__Supplied information__
──────────

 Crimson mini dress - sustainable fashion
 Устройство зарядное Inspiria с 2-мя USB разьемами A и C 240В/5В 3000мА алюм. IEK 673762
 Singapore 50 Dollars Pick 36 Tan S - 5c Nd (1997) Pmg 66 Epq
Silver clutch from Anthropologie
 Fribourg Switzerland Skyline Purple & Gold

──────────

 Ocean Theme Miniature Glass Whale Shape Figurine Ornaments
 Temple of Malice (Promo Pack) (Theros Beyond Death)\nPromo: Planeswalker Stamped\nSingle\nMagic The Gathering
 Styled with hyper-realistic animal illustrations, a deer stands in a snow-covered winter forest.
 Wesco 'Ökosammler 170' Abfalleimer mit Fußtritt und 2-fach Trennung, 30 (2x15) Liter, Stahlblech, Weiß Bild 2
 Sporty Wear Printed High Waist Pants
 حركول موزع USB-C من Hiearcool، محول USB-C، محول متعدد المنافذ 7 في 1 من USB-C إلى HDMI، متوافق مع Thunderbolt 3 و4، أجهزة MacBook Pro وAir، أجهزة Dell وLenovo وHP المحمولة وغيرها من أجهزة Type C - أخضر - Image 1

──────────

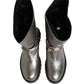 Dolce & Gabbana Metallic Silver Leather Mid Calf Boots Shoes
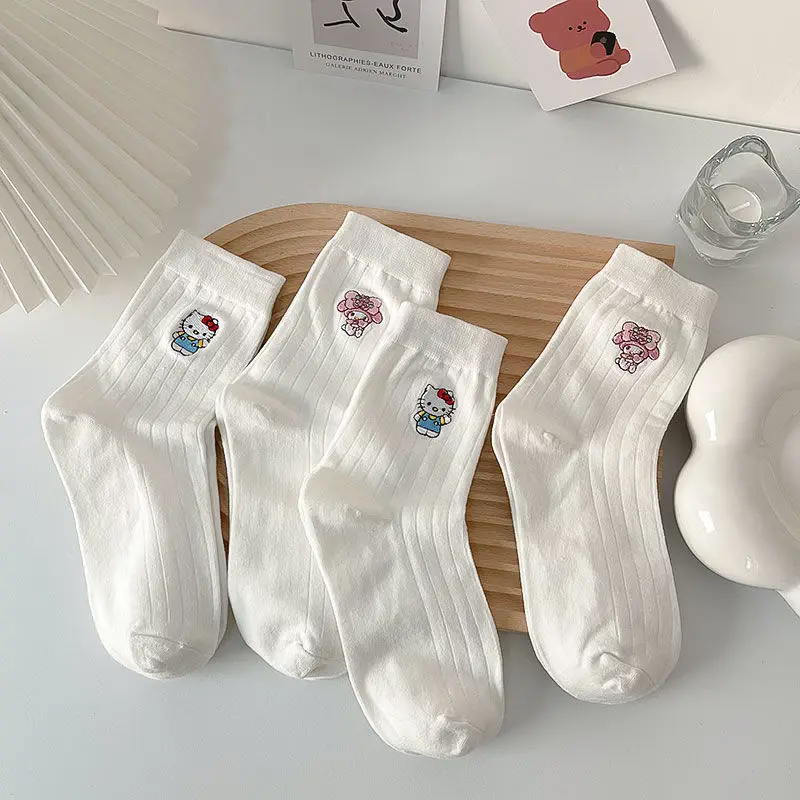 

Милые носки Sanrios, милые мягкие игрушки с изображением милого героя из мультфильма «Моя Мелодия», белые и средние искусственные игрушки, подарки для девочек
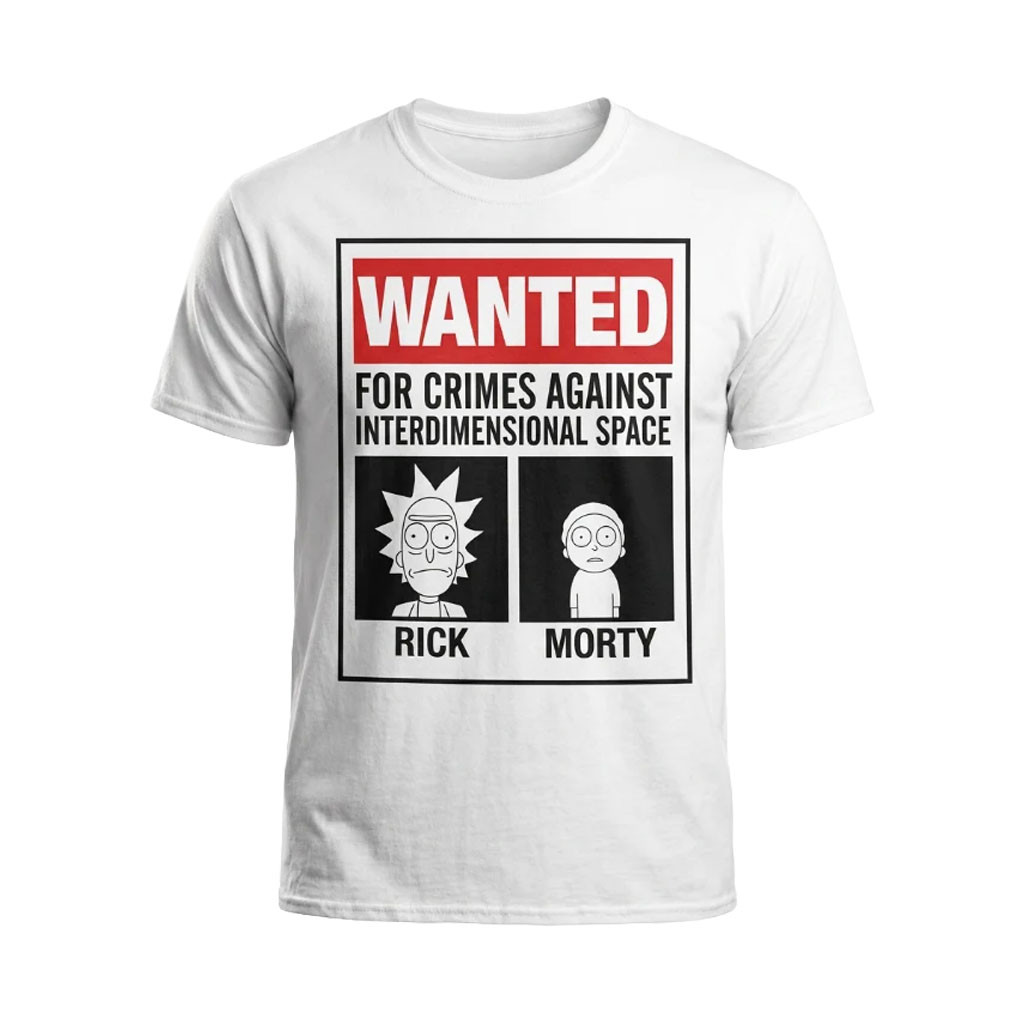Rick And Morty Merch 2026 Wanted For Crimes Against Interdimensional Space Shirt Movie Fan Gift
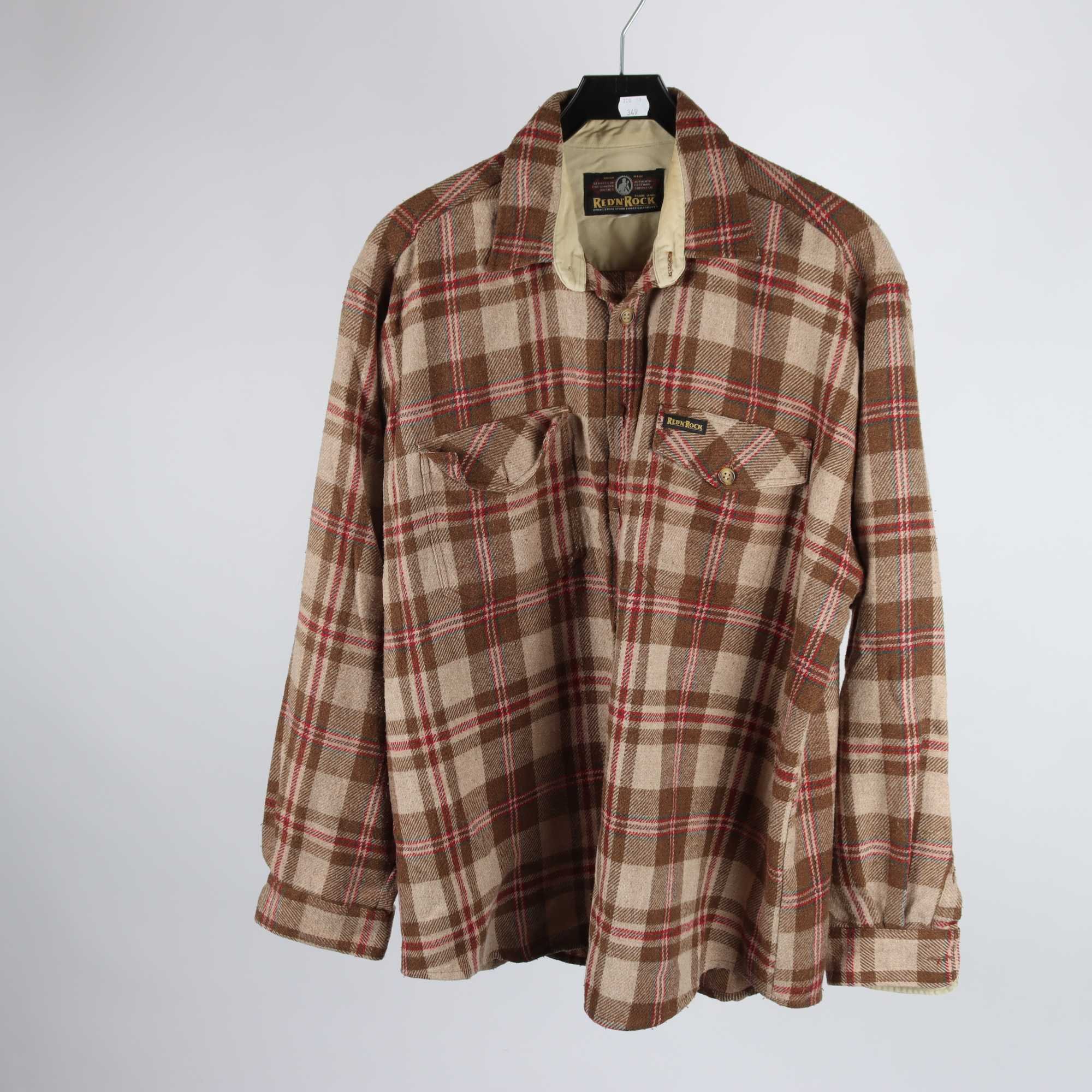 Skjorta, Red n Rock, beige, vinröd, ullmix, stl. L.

──────────

__Task goal__
Reproduce exactly the stretch of the material above that starts at the line with "Sporty Wear Printed High Waist Pants" and ends at the line with "حركول موزع USB-C", both included, and nothing else.

__Output below__
 Sporty Wear Printed High Waist Pants
 حركول موزع USB-C من Hiearcool، محول USB-C، محول متعدد المنافذ 7 في 1 من USB-C إلى HDMI، متوافق مع Thunderbolt 3 و4، أجهزة MacBook Pro وAir، أجهزة Dell وLenovo وHP المحمولة وغيرها من أجهزة Type C - أخضر - Image 1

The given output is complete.